# Short web captions
· · · · · · ·
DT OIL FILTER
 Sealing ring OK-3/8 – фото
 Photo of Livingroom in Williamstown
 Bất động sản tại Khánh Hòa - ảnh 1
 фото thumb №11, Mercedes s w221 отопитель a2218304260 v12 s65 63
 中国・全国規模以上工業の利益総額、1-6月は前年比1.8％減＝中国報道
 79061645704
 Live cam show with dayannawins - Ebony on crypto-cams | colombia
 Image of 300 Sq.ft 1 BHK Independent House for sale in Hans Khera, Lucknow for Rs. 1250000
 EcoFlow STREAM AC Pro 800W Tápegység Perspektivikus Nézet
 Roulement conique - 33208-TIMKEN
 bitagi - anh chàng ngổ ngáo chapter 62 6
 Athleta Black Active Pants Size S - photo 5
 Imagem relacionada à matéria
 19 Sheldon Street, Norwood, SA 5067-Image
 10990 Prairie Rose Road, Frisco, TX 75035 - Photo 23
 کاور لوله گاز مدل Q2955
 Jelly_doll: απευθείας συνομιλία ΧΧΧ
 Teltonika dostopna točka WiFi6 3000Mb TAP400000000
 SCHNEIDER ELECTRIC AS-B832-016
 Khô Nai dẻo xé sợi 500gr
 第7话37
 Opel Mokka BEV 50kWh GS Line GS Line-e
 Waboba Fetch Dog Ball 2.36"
· · · · · · ·
# The task
Reproduce the entries above in full, precisely as written.

# Output of the task
DT OIL FILTER
 Sealing ring OK-3/8 – фото
 Photo of Livingroom in Williamstown
 Bất động sản tại Khánh Hòa - ảnh 1
 фото thumb №11, Mercedes s w221 отопитель a2218304260 v12 s65 63
 中国・全国規模以上工業の利益総額、1-6月は前年比1.8％減＝中国報道
 79061645704
 Live cam show with dayannawins - Ebony on crypto-cams | colombia
 Image of 300 Sq.ft 1 BHK Independent House for sale in Hans Khera, Lucknow for Rs. 1250000
 EcoFlow STREAM AC Pro 800W Tápegység Perspektivikus Nézet
 Roulement conique - 33208-TIMKEN
 bitagi - anh chàng ngổ ngáo chapter 62 6
 Athleta Black Active Pants Size S - photo 5
 Imagem relacionada à matéria
 19 Sheldon Street, Norwood, SA 5067-Image
 10990 Prairie Rose Road, Frisco, TX 75035 - Photo 23
 کاور لوله گاز مدل Q2955
 Jelly_doll: απευθείας συνομιλία ΧΧΧ
 Teltonika dostopna točka WiFi6 3000Mb TAP400000000
 SCHNEIDER ELECTRIC AS-B832-016
 Khô Nai dẻo xé sợi 500gr
 第7话37
 Opel Mokka BEV 50kWh GS Line GS Line-e
 Waboba Fetch Dog Ball 2.36"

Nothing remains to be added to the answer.